Homme à l'ancienne, qui décidait vite, entre amis, Jean-Marc Vernes a quitté la scène politico-financière le 4 avril 1996, dans sa soixante-quatorzième année. Ainsi que le décrit Roger Prain, qui lui a succédé à la tête de la banque qui porte toujours son nom, « il aimait à rendre service ». Il le prouvera avec Robert Hersant, au côté duquel il s'engagera à fond, et avec Raul Gardini, dont il préservera la famille après le suicide de ce dernier.
Vrai « personnage », diversement apprécié, Jean-Marc Vernes s'interdisait de critiquer ses amis, qui l'ont souvent beaucoup sollicité.

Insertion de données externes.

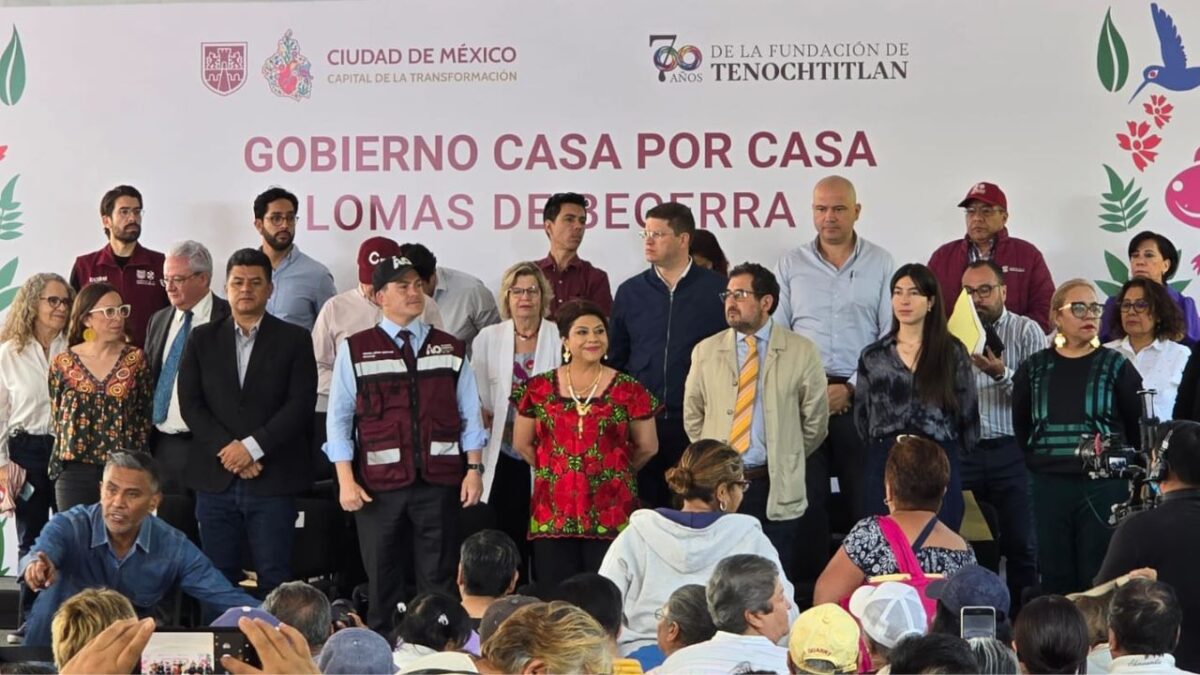 Autoridades del Gobierno CDMX y de la alcaldía ÁO, tuvieron una jornada de Casa por Casa.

Avec un certain panache que même ses détracteurs lui reconnaissaient, il disait « je sais perdre ». Considéré comme le « banquier du R.P.R. », il incarnera pendant plus de quinze ans, depuis le début des années 1980, l'establishment d'opposition aux socialistes.
Intuitif, fonctionnant aux sentiments et à l'instinct, mais homme de parole, Jean-Marc Vernes a exercé son flair vis-à-vis du monde des affaires comme un chasseur. Il a été de toutes les batailles boursières, les bonnes comme les moins bonnes.
Entré le 2 novembre 1945, après sa démobilisation, chez MM. Vernes & Cie […]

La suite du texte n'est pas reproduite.